GILBERTO SILVA X RAUL MEIRELES – 27 anos, meio-campista do Porto, o camisa 16 português, para mim, jogou mais que Tiago e Cristiano Ronaldo nos 7 a 0 contra os norte-coreanos. A partir da esquerda, entra em diagonal na área, com muita disposição e raça, além de técnica apreciável. Sem a bola, irá blindar o lado esquerdo português, dando um pé a Coentrão. Com a bola, armará o jogo com muita intensidade e chegada à área. Além do bom chute de longa distância. A marcação de Gilberto Silva não será desde a intermediária. Mas tanto ele quanto Felipe precisam ficar espertos com as incursões em diagonal de Raul, sobretudo às costas de Michel Bastos.

Um dos esquemas possíveis do clássico. Brasil deve manter o 4-2-3-1. Portugal pode variar os nomes da goleada contra a Coreia do Norte. Ou mantê-los, mas mudando os números: do 4-3-3 para um 4-3-2-1, recuando os pontas para o meio-campo

MICHEL BASTOS X SIMÃO – O lateral brasileiro até se saiu melhor contra Dindane (não contra Gervinho), na ótima vitória sobre a Costa do Marfim. Mas terá de se sair ainda melhor contra o 4-3-3- luso. Ainda mais contra Simão, o camisa 11, de 30 anos, Atlético de Madri. Se quase todos os rivais jogam diferente contra o Brasil, sempre mais recuados, talvez Portugal não recue tanto os dois pontas. No máximo é capaz de o treinador Carlos Queiróz usar um 4-3-2-1, trazendo mais para trás os pontas Simão e Cristiano Ronaldo. Sorte nossa que Nani, o titular, se machucou. Mas Simão é rápido, bom driblador e cruzador, e bastante experiente. Pode levar vantagem no confronto, e estabelecer ótima parceria com Miguel.

MAICON X CRISTIANO RONALDO. Se Portugal vier num 4-3-3, Maicon dará o primeiro combate, na lateral direita. Se for um 4-3-2-1, Ramires (ou Daniel Alves) também terão de ajudar, sem a bola, no cerco ao craque português. O último combate também terá de ser de Gilberto Silva, pela experiência e posicionamento. Isso, claro, se Cristiano se restringir apenas à faixa esquerda. Se quiser o jogo que está parecendo querer, o problema é de todo o Brasil. Por melhor que seja Maicon, e está marcando cada vez melhor, ainda assim é encrenca. Até porque o português, destro, corta sempre para dentro, explorando o pé esquerdo do lateral brasileiro, o menos forte.

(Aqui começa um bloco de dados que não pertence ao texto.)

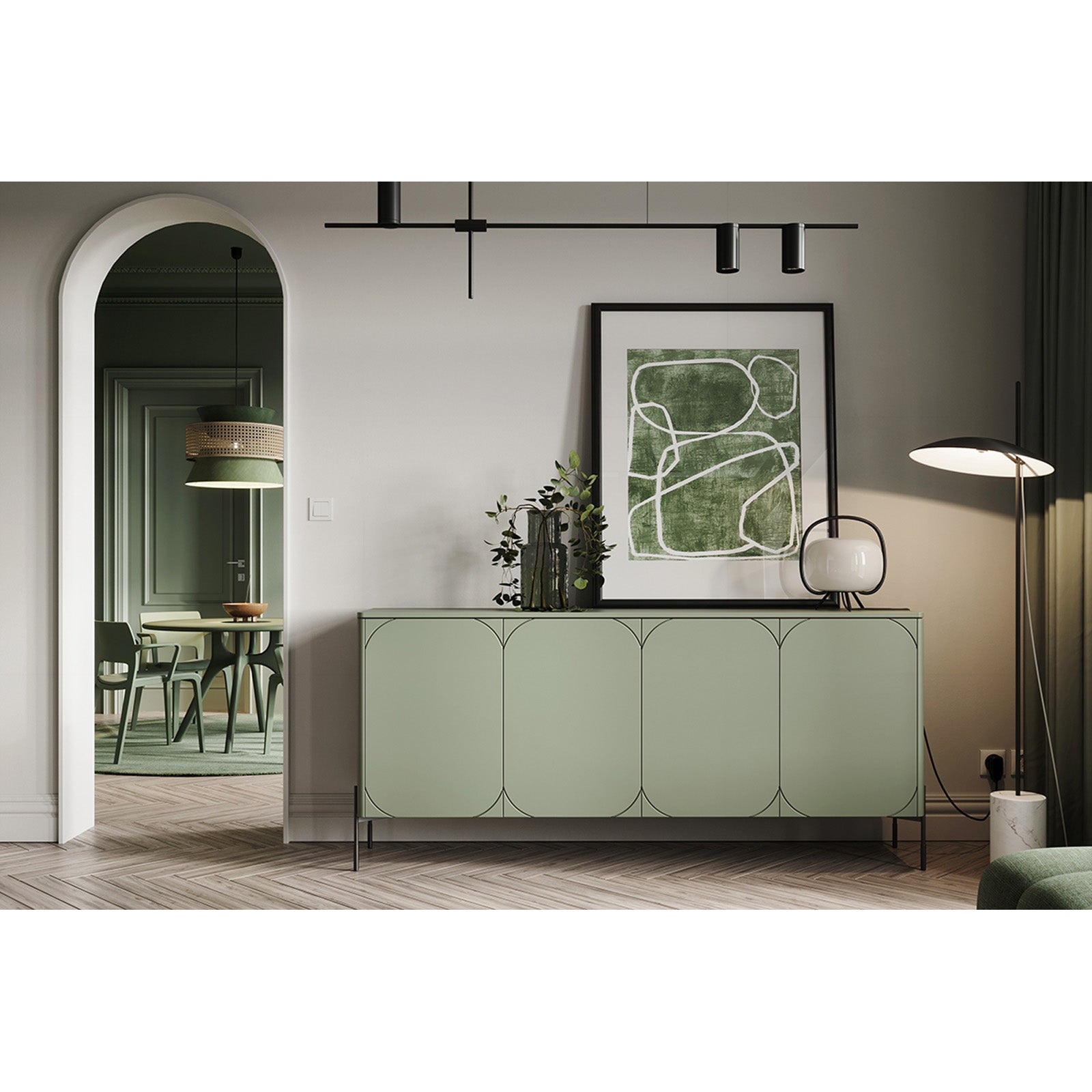 Sonatia komoda 200 cm, 4 vrata, Material: MDF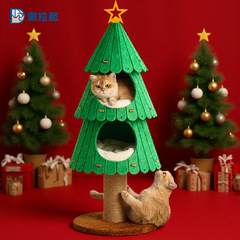 外贸圣诞树猫爬架一体式猫窝剑麻猫抓柱耐抓毛毡不掉屑猫玩具跨境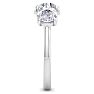3 Carat Lab Grown Diamond Three Stone Engagement Ring In Sterling Silver Image-4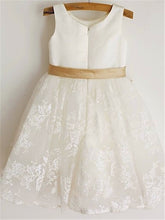 Short Lace Flower Girl Dress with Gold Sash Baby Princess Party Ball Gown ASD064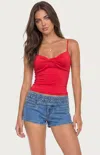 Edikted Pyper Twisted Twist Front Camisole In Red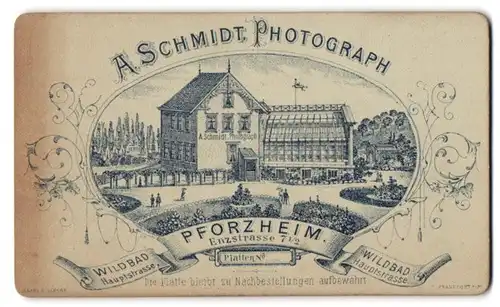 Fotografie A. Schmidt, Pforzheim, Enzstr. 7 1 /2, Ansicht Pforzheim, Fotoatelier mit Wohnhaus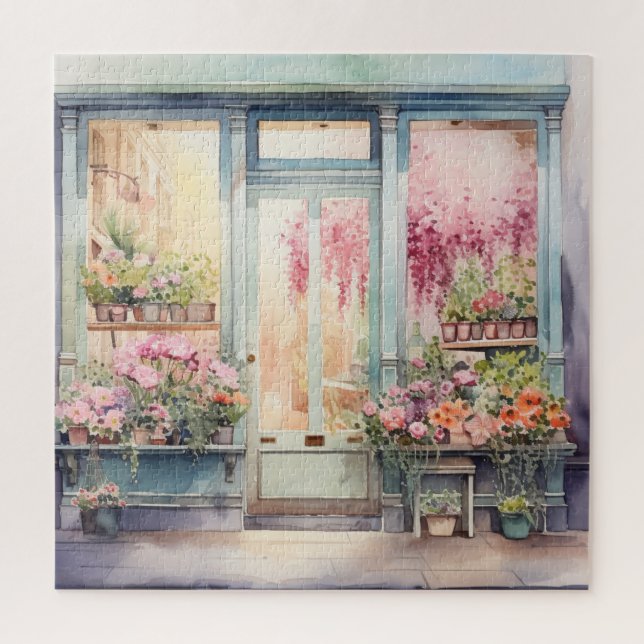 Puzzle Hermosa Watercolor Floral Storefront (Vertical)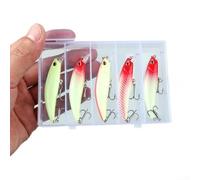 Phosphorescent Minnow Lure Kit For Bass Perch Mackerel Glow In Dark Fishing Bait With Realistic Action Long Cast Design 5pcs Pink Set(B 6.5g)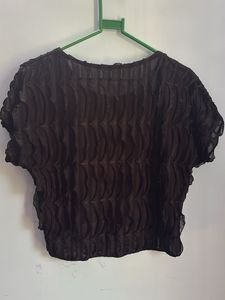 Black Fancy Crop Top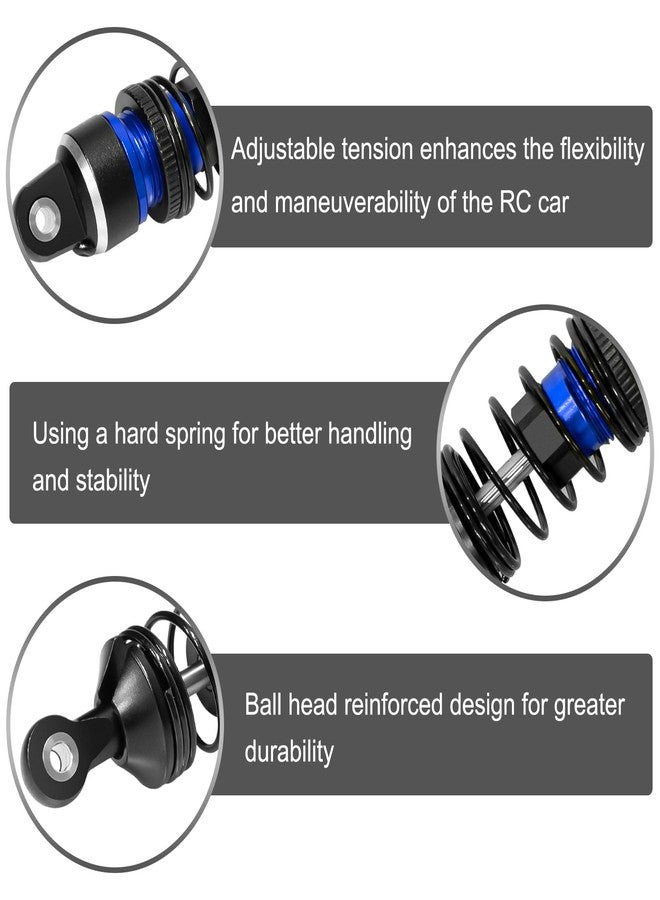 LRFHL Aluminum RC Shock Absorber Front Rear Adjustable Springs Shock Damper Upgrade Part for Traxxas 1/16 Mini Slash BL-2S 4x4 Short Course Truck 108164-1 (4PCS, Blue) - Image 3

LÚCIO + JUAN X HUGO ALMEIDA – Carlos Queiróz é um treinador que dá para discutir bastante. Se escolher Hugo Almeida em detrimento a Liedson, mais ainda. O centroavante do Werder Bremen, de 26 anos, de 1m91, que fez um gol contra a Coreia do Norte é um tanto tosco. Melhor para os tugas seria começar com Liedson, também por conhecer o Brasil, e ter mais velocidade e qualidade na frente que Hugo, bom apenas para o jogo aéreo. Isso se o melhor desse time, sua dupla de zaga, der mole. Como, infelizmente, deram duas vezes até agora, nos gols sofridos.

JÚLIO CÉSAR X EDUARDO – É bom o goleiro do Braga, de 27 anos. Muito melhor que Ricardo, o dileto de Felipão. Discreto, bem colocado, passa tranquilidade e segurança. Mas não é JC. Ainda uma garantia em qualquer bola e em qualquer jogo. Ainda mais um tão complicado como deverá ser contra os portugueses.

DUNGA X CARLOS QUEIRÓZ – Para um iniciante, e ainda mais num Brasil macambúzio pela decepção de 2006, Dunga se saiu muito melhor que a encomenda. Enfrenta um treinador que ajudou a revelar a excelente geração de Figo e Rui Costa. Nascido em Moçambique, teve ótimos trabalhos como treinador na base, e uma carreira de idas e vindas como auxiliar de Alex Ferguson, no Manchester, e trabalhos como treinador do Real Madri e da seleção portuguesa. Sofreu demais para classificar Portugal para a Copa. Há como também discutir seu trabalho. Mas, ao menos, está buscando o ataque, e soltando um time que pode crescer na Copa – se fugir da Espanha.